[Data excerpts]
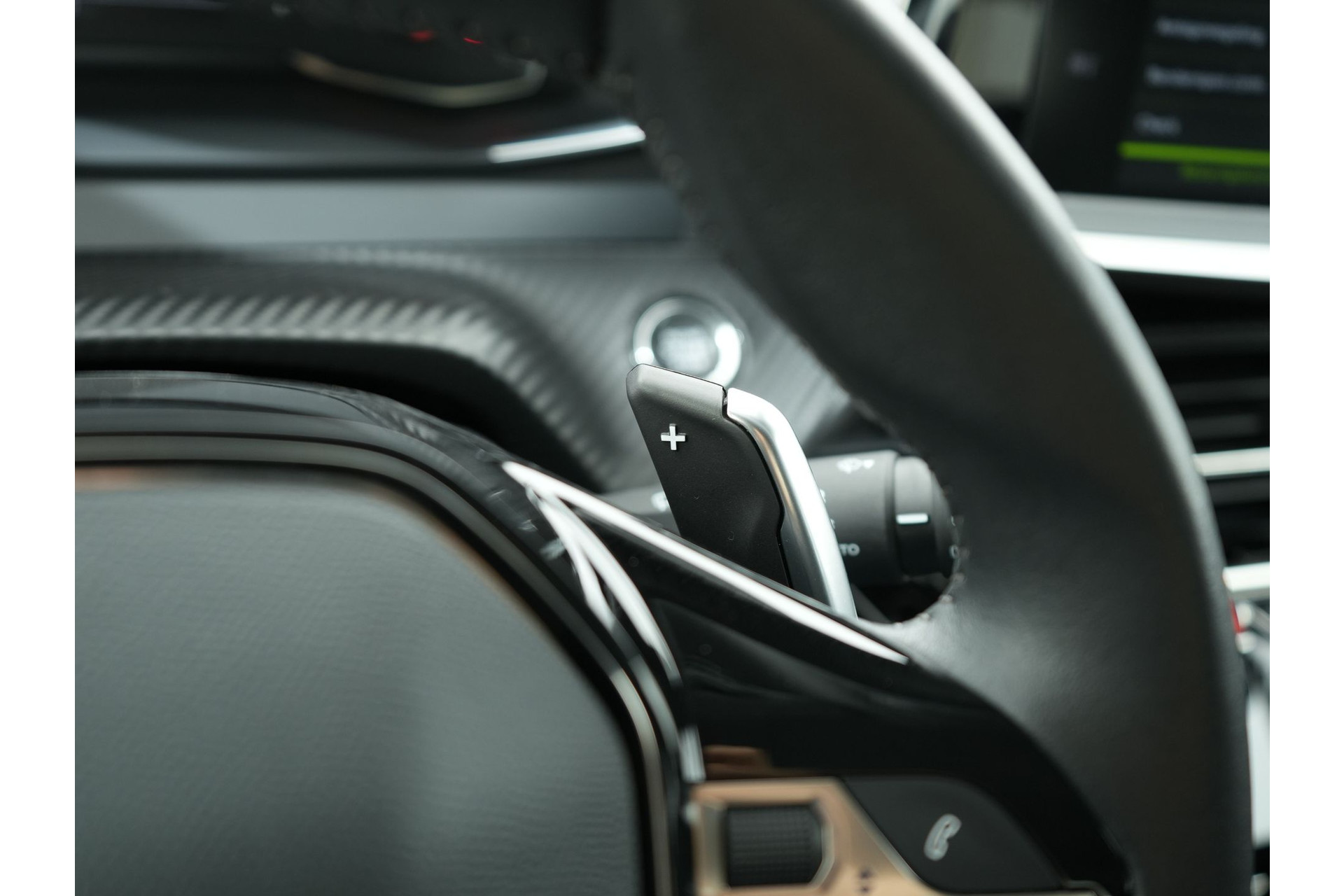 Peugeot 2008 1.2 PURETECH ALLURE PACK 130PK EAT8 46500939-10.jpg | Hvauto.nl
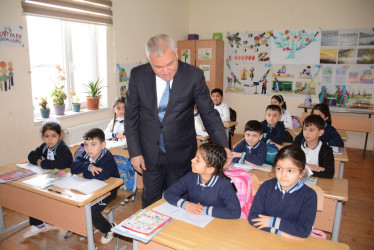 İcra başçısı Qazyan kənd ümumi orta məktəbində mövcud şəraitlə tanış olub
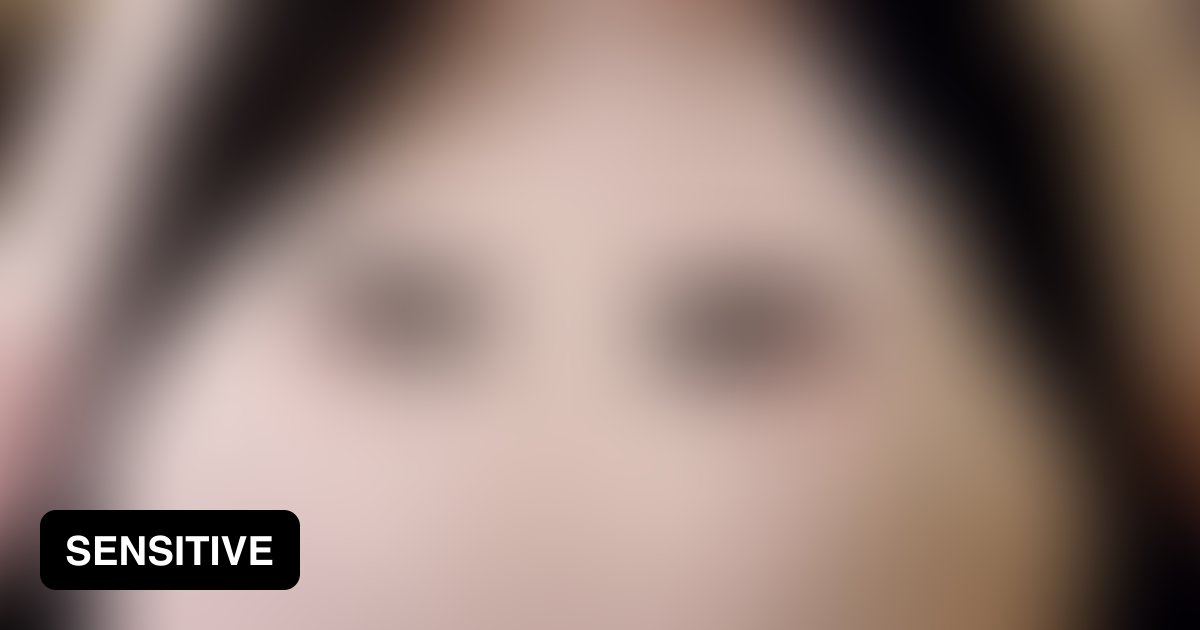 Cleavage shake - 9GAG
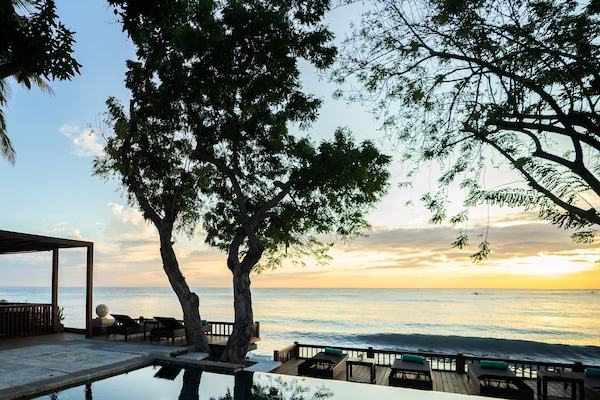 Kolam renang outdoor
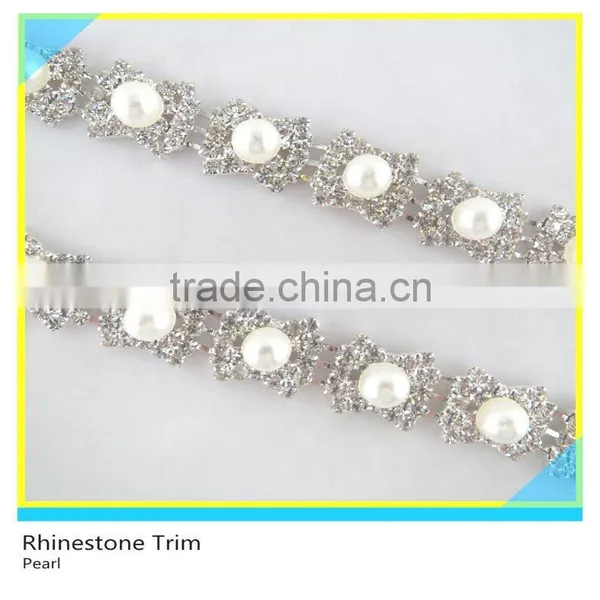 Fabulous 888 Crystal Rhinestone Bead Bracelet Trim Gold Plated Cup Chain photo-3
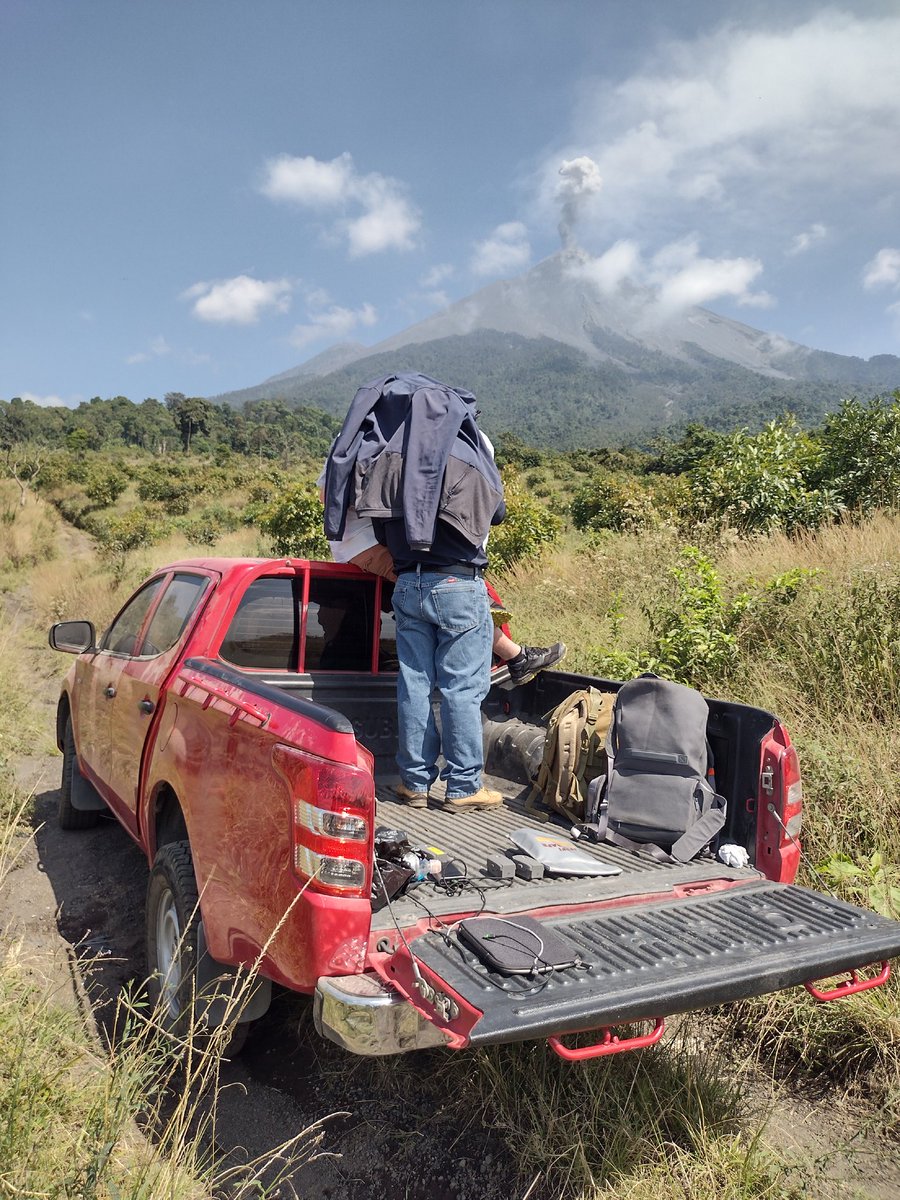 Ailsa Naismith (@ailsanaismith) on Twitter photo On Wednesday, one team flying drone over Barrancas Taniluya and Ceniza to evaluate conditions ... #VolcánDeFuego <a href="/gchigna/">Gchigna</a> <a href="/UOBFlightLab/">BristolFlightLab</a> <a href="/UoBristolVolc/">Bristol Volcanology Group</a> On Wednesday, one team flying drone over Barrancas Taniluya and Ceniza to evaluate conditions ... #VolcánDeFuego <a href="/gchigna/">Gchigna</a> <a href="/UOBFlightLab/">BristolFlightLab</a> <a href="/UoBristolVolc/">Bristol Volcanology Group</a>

• TASK DESCRIPTION: Before copying, set the pictures aside; then reproduce each entry above exactly.

• EXPECTED ANSWER:
 Peugeot 2008 1.2 PURETECH ALLURE PACK 130PK EAT8 46500939-10.jpg | Hvauto.nl
 İcra başçısı Qazyan kənd ümumi orta məktəbində mövcud şəraitlə tanış olub
 Cleavage shake - 9GAG
 Kolam renang outdoor
 Fabulous 888 Crystal Rhinestone Bead Bracelet Trim Gold Plated Cup Chain photo-3
 Ailsa Naismith (@ailsanaismith) on Twitter photo On Wednesday, one team flying drone over Barrancas Taniluya and Ceniza to evaluate conditions ... #VolcánDeFuego <a href="/gchigna/">Gchigna</a> <a href="/UOBFlightLab/">BristolFlightLab</a> <a href="/UoBristolVolc/">Bristol Volcanology Group</a> On Wednesday, one team flying drone over Barrancas Taniluya and Ceniza to evaluate conditions ... #VolcánDeFuego <a href="/gchigna/">Gchigna</a> <a href="/UOBFlightLab/">BristolFlightLab</a> <a href="/UoBristolVolc/">Bristol Volcanology Group</a>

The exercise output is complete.